I'm really having a tough time imagining scenarios where allowing dups is
useful, and I can
come up with scenarios where allowing dups is harmful (imagine multiple,
expensive, identical
fq clause with cache=false for instance) that would be caught here. Hmmm, a
WARN-level
log message is indicated for dups no matter what I think.
The counter-argument is that the user should be free to shoot themselves in the
foot as
they want to.
The counter-counter argument is that when we identify potential traps we
should do something about them if we can.

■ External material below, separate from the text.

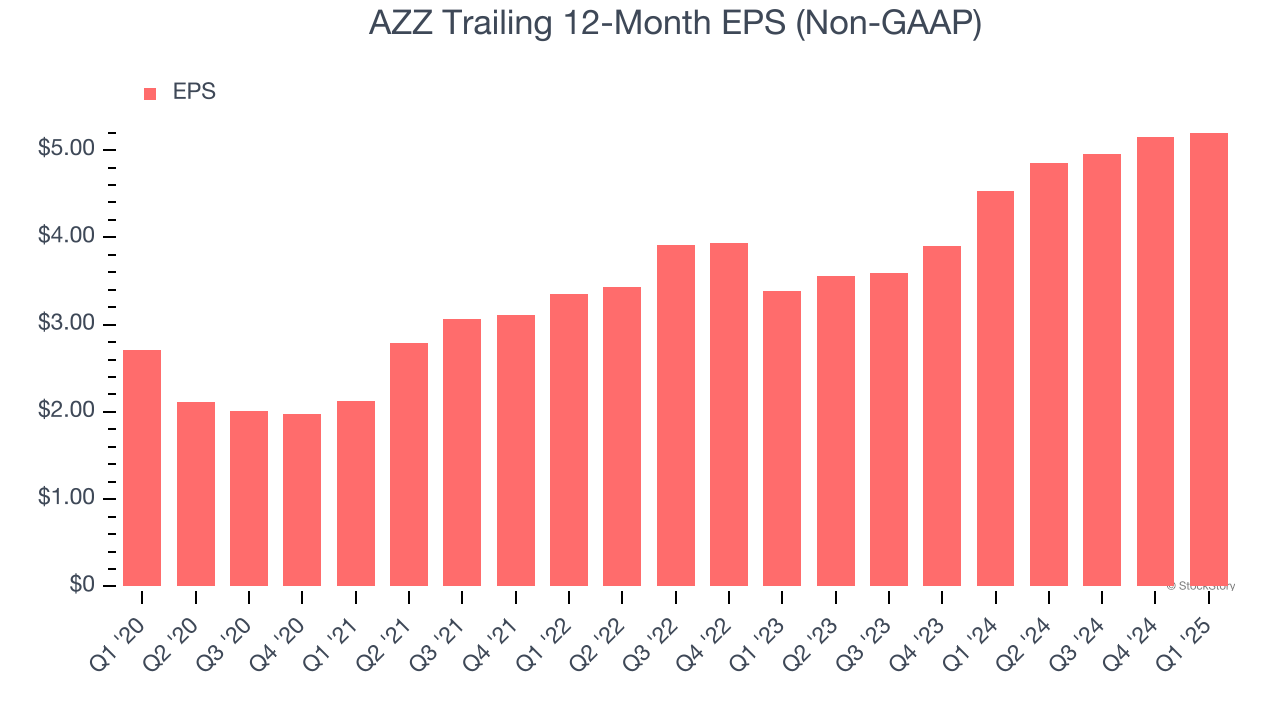 AZZ Trailing 12-Month EPS (Non-GAAP)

What do you think about this alternative? (note, I'm not proposing it as much
as throwing it out
for discussion). Leave the dup-detection where it is and log a WARN level
message when dups
are detected, and move the actual de-duping out to the faceting code. Then
de-dupe on a case-
by-case basis as situations arise.
Where this started was that the exact same query over the exact same data set
returns different
results in sharded and non-sharded situations. The results have the same
information, just
repeated in the single shard case. Which means that somehow the sharded code
manages to
ignore the extra entries. I'll look at how in a bit. At any rate, the
sharded case manages to avoid returning the data multiple times so either
there's code in there
specifically to deal with this or it's happening by chance, which is its own
gotcha.
I've seen some very large queries out in the wild and it's hard in many cases
to see things
like this so logging a message would help the users figure out their (perhaps
machine-generated) code was doing things they _probably_ don't want.

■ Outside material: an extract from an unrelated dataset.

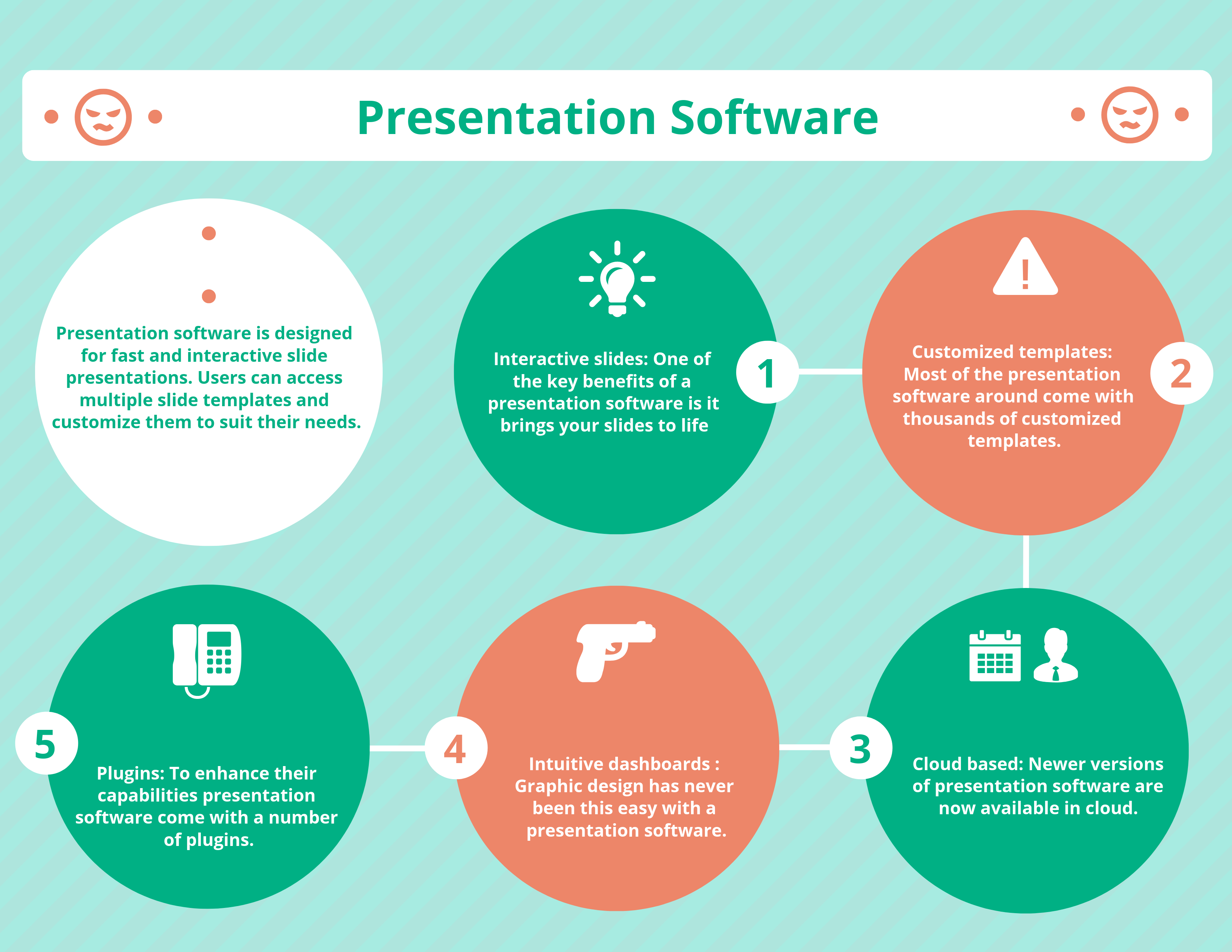 functions of the presentation software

So this is a long winded way of saying "Hell, I don't know". My _slight_
preference here
would be to dedupe as it's being done in this patch (and log warnings when
doing so). It
just feels "more correct" and may prevent weird behavior in the future. But I'm
not
adamant about that, if the general consensus is that doing this on a
case-by-case basis
is a better idea I can make it so for the facet case.
> Multi-threaded facet counts differ when SolrCloud has >1 shard
> --------------------------------------------------------------
>
> Key: SOLR-6314
> URL: https://issues.apache.org/jira/browse/SOLR-6314
> Project: Solr
> Issue Type: Bug
> Components: SearchComponents - other, SolrCloud
> Affects Versions: 5.0
> Reporter: Vamsee Yarlagadda
> Assignee: Erick Erickson
> Attachments: SOLR-6314.patch
>
>
> I am trying to work with multi-threaded faceting on SolrCloud and in the
> process i was hit by some issues.
> I am currently running the below upstream test on different SolrCloud
> configurations and i am getting a different result set per configuration.

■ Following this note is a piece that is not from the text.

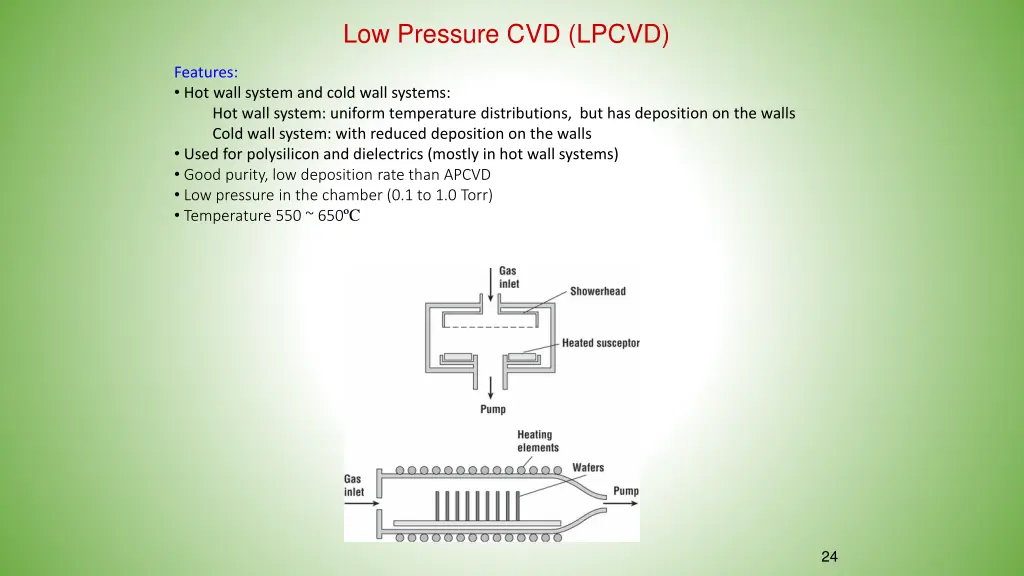 low pressure cvd lpcvd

> https://github.com/apache/lucene-solr/blob/trunk/solr/core/src/test/org/apache/solr/request/TestFaceting.java#L654
> Setup:
> - *Indexed 50 docs into SolrCloud.*
> - *If the SolrCloud has only 1 shard, the facet field query has the below
> output (which matches with the expected upstream test output - # facet fields
> ~ 50).*
> {code}
> $ curl
> "http://localhost:8983/solr/collection1/select?facet=true&fl=id&indent=true&q=id%3A*&facet.limit=-1&facet.threads=1000&facet.field=f0_ws&facet.field=f0_ws&facet.field=f0_ws&facet.field=f0_ws&facet.field=f0_ws&facet.field=f1_ws&facet.field=f1_ws&facet.field=f1_ws&facet.field=f1_ws&facet.field=f1_ws&facet.field=f2_ws&facet.field=f2_ws&facet.field=f2_ws&facet.field=f2_ws&facet.field=f2_ws&facet.field=f3_ws&facet.field=f3_ws&facet.field=f3_ws&facet.field=f3_ws&facet.field=f3_ws&facet.field=f4_ws&facet.field=f4_ws&facet.field=f4_ws&facet.field=f4_ws&facet.field=f4_ws&facet.field=f5_ws&facet.field=f5_ws&facet.field=f5_ws&facet.field=f5_ws&facet.field=f5_ws&facet.field=f6_ws&facet.field=f6_ws&facet.field=f6_ws&facet.field=f6_ws&facet.field=f6_ws&facet.field=f7_ws&facet.field=f7_ws&facet.field=f7_ws&facet.field=f7_ws&facet.field=f7_ws&facet.field=f8_ws&facet.field=f8_ws&facet.field=f8_ws&facet.field=f8_ws&facet.field=f8_ws&facet.field=f9_ws&facet.field=f9_ws&facet.field=f9_ws&facet.field=f9_ws&facet.field=f9_ws&rows=1&wt=xml"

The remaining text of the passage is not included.